▸ About this task
Where the records below reach the line containing "Ashoka Hot and", start transcribing, and end with the line containing "Жената на Милен", exactly and with nothing else added.

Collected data
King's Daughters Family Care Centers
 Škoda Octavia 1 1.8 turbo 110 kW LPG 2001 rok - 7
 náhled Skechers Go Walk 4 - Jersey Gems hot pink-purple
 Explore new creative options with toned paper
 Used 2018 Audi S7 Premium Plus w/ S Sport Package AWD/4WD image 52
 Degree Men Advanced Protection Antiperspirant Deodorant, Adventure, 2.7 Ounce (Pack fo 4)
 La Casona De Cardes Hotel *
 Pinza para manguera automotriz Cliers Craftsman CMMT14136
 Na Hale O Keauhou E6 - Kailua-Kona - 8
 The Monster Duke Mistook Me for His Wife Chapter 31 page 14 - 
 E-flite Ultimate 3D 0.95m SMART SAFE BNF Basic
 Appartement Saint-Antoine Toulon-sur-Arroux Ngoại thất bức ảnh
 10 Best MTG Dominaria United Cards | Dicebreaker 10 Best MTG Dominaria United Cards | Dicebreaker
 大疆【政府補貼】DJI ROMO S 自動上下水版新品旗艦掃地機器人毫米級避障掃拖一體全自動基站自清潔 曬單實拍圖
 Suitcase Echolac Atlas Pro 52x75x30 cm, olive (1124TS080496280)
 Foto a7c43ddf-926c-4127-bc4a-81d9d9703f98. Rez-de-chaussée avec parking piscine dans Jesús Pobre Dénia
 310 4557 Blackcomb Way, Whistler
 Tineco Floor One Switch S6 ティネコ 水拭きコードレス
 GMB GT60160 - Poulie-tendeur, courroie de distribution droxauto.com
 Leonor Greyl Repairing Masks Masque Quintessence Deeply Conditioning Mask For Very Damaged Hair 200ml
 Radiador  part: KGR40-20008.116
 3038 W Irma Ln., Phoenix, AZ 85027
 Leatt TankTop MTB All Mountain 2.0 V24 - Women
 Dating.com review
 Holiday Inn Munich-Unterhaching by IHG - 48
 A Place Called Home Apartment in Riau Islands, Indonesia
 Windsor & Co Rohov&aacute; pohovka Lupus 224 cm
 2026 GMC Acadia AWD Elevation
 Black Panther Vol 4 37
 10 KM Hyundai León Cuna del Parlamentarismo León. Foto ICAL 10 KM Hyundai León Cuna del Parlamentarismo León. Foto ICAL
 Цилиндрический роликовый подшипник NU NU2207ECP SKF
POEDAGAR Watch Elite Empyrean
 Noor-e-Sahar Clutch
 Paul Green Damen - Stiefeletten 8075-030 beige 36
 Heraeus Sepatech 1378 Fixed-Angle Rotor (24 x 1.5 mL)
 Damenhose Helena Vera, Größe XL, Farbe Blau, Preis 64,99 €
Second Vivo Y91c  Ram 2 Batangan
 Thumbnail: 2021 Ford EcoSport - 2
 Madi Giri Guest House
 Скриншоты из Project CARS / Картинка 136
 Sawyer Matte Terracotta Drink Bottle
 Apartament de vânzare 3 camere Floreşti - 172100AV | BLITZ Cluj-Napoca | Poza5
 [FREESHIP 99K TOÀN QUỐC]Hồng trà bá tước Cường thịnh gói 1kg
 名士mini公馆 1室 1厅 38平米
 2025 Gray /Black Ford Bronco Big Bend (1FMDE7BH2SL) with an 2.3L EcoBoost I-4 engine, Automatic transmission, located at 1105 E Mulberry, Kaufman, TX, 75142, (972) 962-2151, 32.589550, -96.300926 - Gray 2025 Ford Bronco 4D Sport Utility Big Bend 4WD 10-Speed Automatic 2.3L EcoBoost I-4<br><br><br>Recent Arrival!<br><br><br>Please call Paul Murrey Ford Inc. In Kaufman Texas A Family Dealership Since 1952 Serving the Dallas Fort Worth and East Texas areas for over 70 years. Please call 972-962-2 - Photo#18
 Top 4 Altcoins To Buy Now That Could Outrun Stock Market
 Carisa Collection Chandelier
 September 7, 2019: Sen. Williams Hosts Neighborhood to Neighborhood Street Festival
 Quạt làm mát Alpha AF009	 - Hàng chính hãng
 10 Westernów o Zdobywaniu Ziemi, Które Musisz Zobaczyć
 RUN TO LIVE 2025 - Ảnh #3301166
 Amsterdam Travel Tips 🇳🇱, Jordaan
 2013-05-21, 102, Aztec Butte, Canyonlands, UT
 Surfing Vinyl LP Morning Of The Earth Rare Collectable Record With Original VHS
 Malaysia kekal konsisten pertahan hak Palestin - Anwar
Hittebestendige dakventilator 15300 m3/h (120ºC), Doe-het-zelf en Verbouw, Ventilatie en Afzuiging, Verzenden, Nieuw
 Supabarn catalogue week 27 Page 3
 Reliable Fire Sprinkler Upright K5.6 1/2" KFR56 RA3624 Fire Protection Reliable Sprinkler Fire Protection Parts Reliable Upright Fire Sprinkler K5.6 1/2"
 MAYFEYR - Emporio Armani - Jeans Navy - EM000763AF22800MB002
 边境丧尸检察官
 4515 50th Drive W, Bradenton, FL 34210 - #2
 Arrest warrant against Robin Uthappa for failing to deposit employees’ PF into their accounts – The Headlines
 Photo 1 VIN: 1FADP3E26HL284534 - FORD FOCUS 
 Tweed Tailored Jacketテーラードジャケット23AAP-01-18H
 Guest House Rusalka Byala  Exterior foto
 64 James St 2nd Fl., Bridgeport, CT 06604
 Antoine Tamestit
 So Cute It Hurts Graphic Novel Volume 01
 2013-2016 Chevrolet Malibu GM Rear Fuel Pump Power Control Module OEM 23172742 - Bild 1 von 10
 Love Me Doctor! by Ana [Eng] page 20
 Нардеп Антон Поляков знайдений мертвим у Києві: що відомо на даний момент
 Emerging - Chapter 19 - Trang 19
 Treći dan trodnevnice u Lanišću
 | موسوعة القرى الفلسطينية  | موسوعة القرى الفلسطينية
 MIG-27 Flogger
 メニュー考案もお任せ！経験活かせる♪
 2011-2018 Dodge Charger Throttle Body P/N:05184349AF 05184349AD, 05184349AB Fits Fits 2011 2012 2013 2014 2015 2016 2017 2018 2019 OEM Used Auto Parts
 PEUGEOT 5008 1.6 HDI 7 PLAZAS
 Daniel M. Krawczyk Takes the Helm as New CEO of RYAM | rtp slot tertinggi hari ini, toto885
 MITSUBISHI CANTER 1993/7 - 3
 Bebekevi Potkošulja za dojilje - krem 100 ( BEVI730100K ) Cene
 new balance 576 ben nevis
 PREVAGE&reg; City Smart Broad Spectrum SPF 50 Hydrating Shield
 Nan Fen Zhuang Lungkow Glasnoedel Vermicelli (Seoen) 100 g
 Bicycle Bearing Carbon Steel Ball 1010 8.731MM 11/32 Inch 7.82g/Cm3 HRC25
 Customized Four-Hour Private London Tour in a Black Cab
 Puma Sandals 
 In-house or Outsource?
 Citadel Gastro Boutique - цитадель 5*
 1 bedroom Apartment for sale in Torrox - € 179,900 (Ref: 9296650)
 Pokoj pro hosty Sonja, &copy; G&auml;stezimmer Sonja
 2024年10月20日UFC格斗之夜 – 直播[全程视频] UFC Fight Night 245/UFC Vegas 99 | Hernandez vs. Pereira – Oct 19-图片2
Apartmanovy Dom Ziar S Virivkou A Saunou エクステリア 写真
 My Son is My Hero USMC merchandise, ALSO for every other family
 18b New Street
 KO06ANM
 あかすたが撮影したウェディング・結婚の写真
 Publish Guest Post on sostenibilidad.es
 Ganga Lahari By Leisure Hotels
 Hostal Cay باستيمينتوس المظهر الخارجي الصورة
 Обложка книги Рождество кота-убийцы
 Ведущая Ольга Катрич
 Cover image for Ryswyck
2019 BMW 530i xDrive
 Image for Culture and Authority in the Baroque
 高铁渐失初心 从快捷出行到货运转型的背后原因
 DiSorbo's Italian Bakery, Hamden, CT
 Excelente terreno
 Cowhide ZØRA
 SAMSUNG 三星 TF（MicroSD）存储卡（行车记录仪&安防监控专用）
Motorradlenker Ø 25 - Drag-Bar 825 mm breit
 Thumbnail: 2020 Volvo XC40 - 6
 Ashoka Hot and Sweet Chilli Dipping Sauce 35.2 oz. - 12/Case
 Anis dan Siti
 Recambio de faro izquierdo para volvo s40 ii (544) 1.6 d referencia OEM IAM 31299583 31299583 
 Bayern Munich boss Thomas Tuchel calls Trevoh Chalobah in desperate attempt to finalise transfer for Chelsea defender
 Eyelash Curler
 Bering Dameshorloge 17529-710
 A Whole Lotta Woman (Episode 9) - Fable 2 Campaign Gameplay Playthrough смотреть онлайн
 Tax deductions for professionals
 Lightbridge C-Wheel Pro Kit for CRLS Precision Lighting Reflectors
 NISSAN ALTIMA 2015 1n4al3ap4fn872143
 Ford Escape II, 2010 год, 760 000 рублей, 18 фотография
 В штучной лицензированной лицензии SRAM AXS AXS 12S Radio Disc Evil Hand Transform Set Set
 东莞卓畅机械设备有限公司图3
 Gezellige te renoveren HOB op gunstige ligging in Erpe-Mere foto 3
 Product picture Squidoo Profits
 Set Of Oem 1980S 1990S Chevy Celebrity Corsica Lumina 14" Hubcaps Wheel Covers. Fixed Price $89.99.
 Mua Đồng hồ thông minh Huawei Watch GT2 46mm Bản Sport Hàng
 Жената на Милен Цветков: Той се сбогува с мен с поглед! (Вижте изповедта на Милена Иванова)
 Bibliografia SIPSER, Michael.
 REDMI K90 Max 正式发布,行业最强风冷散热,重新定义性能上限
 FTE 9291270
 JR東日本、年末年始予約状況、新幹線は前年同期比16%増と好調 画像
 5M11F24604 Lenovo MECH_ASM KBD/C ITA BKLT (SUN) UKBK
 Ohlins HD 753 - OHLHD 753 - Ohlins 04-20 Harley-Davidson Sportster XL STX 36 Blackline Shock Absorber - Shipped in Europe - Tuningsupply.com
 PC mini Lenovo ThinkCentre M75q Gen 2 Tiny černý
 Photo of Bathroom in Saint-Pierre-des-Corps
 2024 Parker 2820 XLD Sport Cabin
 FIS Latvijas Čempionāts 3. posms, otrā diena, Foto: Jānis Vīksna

▸ Answer below
 Ashoka Hot and Sweet Chilli Dipping Sauce 35.2 oz. - 12/Case
 Anis dan Siti
 Recambio de faro izquierdo para volvo s40 ii (544) 1.6 d referencia OEM IAM 31299583 31299583 
 Bayern Munich boss Thomas Tuchel calls Trevoh Chalobah in desperate attempt to finalise transfer for Chelsea defender
 Eyelash Curler
 Bering Dameshorloge 17529-710
 A Whole Lotta Woman (Episode 9) - Fable 2 Campaign Gameplay Playthrough смотреть онлайн
 Tax deductions for professionals
 Lightbridge C-Wheel Pro Kit for CRLS Precision Lighting Reflectors
 NISSAN ALTIMA 2015 1n4al3ap4fn872143
 Ford Escape II, 2010 год, 760 000 рублей, 18 фотография
 В штучной лицензированной лицензии SRAM AXS AXS 12S Radio Disc Evil Hand Transform Set Set
 东莞卓畅机械设备有限公司图3
 Gezellige te renoveren HOB op gunstige ligging in Erpe-Mere foto 3
 Product picture Squidoo Profits
 Set Of Oem 1980S 1990S Chevy Celebrity Corsica Lumina 14" Hubcaps Wheel Covers. Fixed Price $89.99.
 Mua Đồng hồ thông minh Huawei Watch GT2 46mm Bản Sport Hàng
 Жената на Милен Цветков: Той се сбогува с мен с поглед! (Вижте изповедта на Милена Иванова)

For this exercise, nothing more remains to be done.